The aim of this project was to implement DynamicFusion, published in 2015 by Newcombe et al., which introduces an RGBD SLAM system capable of reconstructing 3D models of non-rigidly deforming scenes. The method represents the scene as a canonical model and a warp field that transforms the model at each frame, in order to distinguish between already observed data and data that needs to be added to the model. The system employs KinectFusion [Newcombe et al., 2011] as a 3D reconstruction engine, with an altered pipeline:
- Get a new frame
- Estimate warp field parameters (align warp field with frame)
- Apply warp on the canonical model to transform it into the frame
- Perform data association
- Update geometry with the new data
- Add new nodes to the warp field if needed
The implementation is based off an available implementation of KinectFusion
My work required writing code for four main components, along with helper classes and putting everything in a pipeline:
1. Implementation of the warp field structure, along with the warp function and functions depending on it - implemented
Includes the warp function that transforms vertices from the canonical model (the 3d reconstruction of the model) into the live frame, the quaternion and dual quaternion classes and other related functionality.

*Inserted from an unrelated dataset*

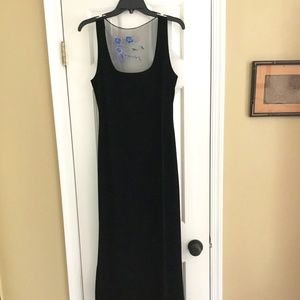 Womens Long Black Velour Evening Dress with Mesh Back Size 10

Includes functionality related to data association (classifying incoming vertices into new data and old data), and updating geometry of the model
This is one of the most important components and involves estimating the state of the warp field (adapting the warp field to match incoming frames). This step involves an optimisation routine consisting of a data term and a regularisation term. There is a significant amount of code for estimating the data term and updating the warp field with the new estimation, but no code for the regularisation term.
This step involves extending the warp field to cover the canonical model geometry. The warp field holds a subsampled version of the canonical model. As the canonical model grows with new data being fused in, the warp field needs to grow as well, to support it.
The code for this step should be reasonably easy to write and is not expected to take long.
- Finalise implementation of the data term in warp field estimation. After this is done, the code should be able to reconstruct deforming scenes reasonably well, but is expected to break when there are major changes between frames, or large portions of perviously occluded objects come into view rapidly
- Implement the regularisation term estimation routine
- Estimate the total energy using the data term and the regularisation term
- Improve speed of the code by rewriting CPU code for the GPU
- Better testing coverage
- Improve documentation
- Restructure the code into interfaces for incoming frames, pose estimation etc, to be able to work with devices other than kinect (e.g. Google Project Tango, that provides pose estimation from the IMU)
- Add code to color the models
- Export the reconstructions to .ply or .obj files.
I would like to thank my mentors Zhe Zhang and Reza Amayeh for all their support throughout GSoC. I have certainly learned a lot through this and have enjoyed working on the project.